SEVENTH HEAVEN [Decca Broadway B0001252]
Back in the good old days, bad old musicals used to appear like clockwork every spring. The 1955 entry was Seventh Heaven, musicalized from Austin Strong's 1922 tearjerker. Street waif meets sewer cleaner, love ensues. Chico marches off to World War I, returning — blind and shell-shocked — to Diane's arms. This was, more or less, the "Love Story" of the decade. The long-running play spawned a blockbuster silent film hit in 1927, taking three Oscars at the first awards ceremony (including one for star Janet Gaynor) and providing one of those all-time song hits that you might well recognize if you heard it. "I'm in heaven when I see you smile, Diane" it goes.

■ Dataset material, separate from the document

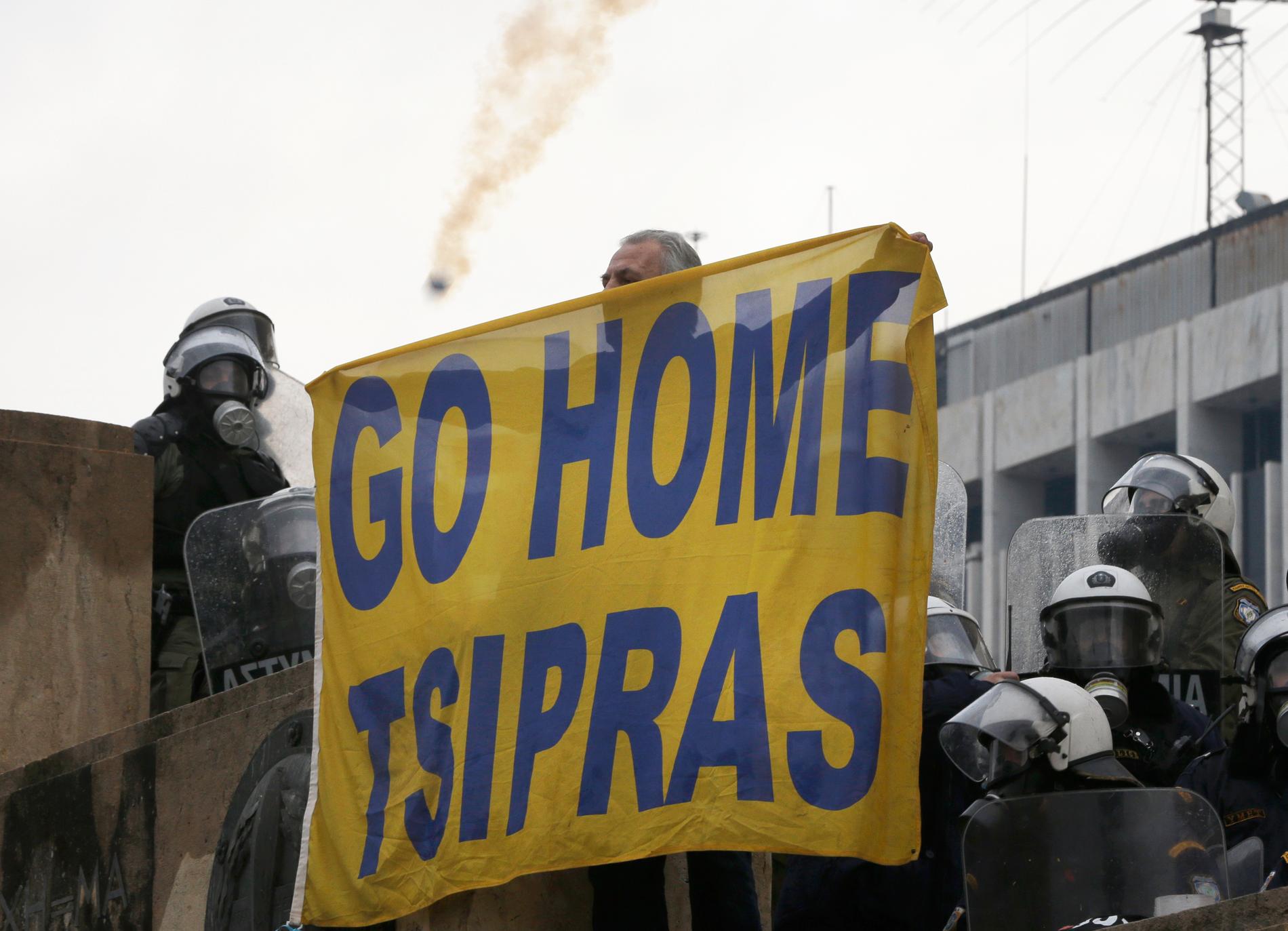 En demonstrant håller upp en banderoll i protest mot Greklands premiärminister Alexis Tsipras under den stora demonstrationen mot Makedoniens namnbyte i Aten i söndags.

By 1955, Seventh Heaven was old and tired. From today's vantage point, the show seems to have been a vanity production. The producers never produced a musical, before or since. Lyricist-librettist Stella Unger and co-librettist Victor Wolfson never wrote a musical, before or since. The leading lovers, Gloria De Haven and Ricardo Montalban, were Broadway first-timers from Hollywood. The producers hired a first-time choreographer, too. Peter Gennaro turned out all right, though.

The star of the show, for all intents and purposes, was composer Victor Young. A native of Chicago, Young (1900-1956) took a roundabout route to Broadway. Following the death of his mother, Young was abandoned by his father — an opera tenor — and sent to live with his grandfather, a tailor in Warsaw. The ten-year-old was enrolled in the Warsaw Conservatory, speedily becoming a world-class violin prodigy. (Upon his debut with the Warsaw Philharmonic, a rich benefactor presented him with a 1730 violin by Guarneri. Said violin disappeared the day after Young's death in Desert Hot Springs.)

Young returned to America during World War I, moving from the concert hall to the pop field. A stint as a conductor at a hotel ballroom in Chicago led to radio, which led to Hollywood. Young was musical director of Paramount's 1936 film version of Anything Goes, and immediately found a home. As head of Paramount's music department, Young served as composer, musical director and/or arranger on almost 350 movies over 20 years.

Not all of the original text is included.